While those affected need to lead the fight back and those most at the fringe are those taking up the fight already there is room for allies. There are powerful forces who profit from housing, who profit from an insecure and unstable housing system and who build their lives and power on being a class above. They have considerable resources and the full force of the state behind them. Therefore supporters will be important. There are four groups of supporters in particular who can support those affected and combine with them in the struggle for change.

Firstly those who are not affected, who are secure in housing or employment but believe in decent housing for all. These people are important allies, both to support the struggle by those affected and to use their security to take risks that those affected may not be able to.

Secondly there are the left wing political forces. Left wing, socialist and in Ireland left Republican political forces set out their aim as a just and equal society which includes housing. These groups need to support those affected and their communities. They can also connect struggles, from racism and gender inequality which play out in housing to the wider push by the elite to privatise and enrich themselves across all areas.

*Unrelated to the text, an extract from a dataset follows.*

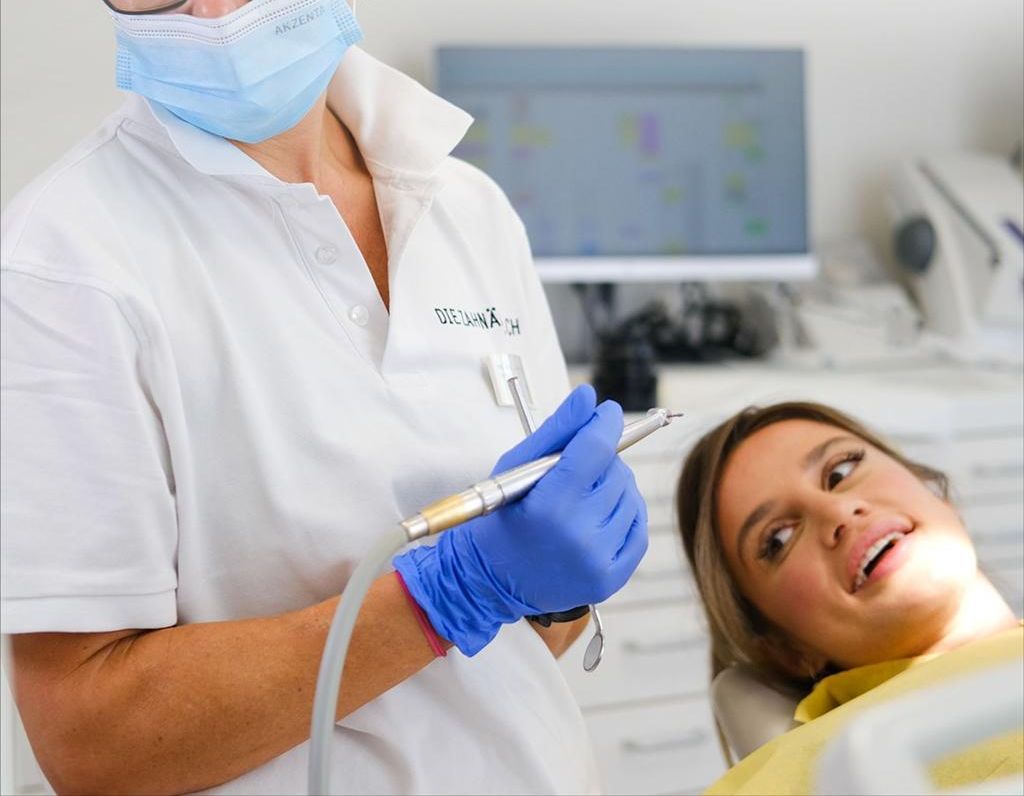 A dentist is examining a woman 's teeth in a dental chair.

Thirdly there are Trade Unions. Working conditions and housing are inseparable. A pay increase means nothing if rents go up, more job security means nothing if your rent goes up and homelessness blocks the ability to work full stop. If the aim of trade unions is decent pay and conditions they have to include housing in this, if the aim is further, the dismantling of capitalism itself and its replacement with the labour control then social housing is inseparable from that aim. Trade Unions also have the rich tradition of struggle, organising and disruptive tactics that their members need and the wider housing movement needs.

Finally other ‘progressive’ organisations. There are a whole range of think tanks, universities, charities and NGOs which play a problematic role in defending and protecting the private housing system. These structures need to break from their role and provide a space to both critique the inhumanity of the system but also provide space and resources for the voices of those affected.

Conclusion

The History of Housing is Ireland is of brutality, inequality, power for the rich and marginalisation of the poor. It is a system built on ownership that now aims to be centred on renting. It is a system that will continue to and will deepen chaos, instability and suffering for the majority.

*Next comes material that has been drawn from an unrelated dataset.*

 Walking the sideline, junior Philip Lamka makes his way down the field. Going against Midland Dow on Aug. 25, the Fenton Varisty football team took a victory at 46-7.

We needs an alternative, the system needs to be replaced as a whole not tinkered with at the edges. We need a social housing system open to everyone, taking housing out of the market, providing security and fair rent and starting the challenge to class division itself. We will not be handed this, we need to fight for change. Those affected and those most at the fringe of the system can and will lead this fight back and will call broad sways of society to come out and support, the most common sense but radical of demand, a secure, stable home for all.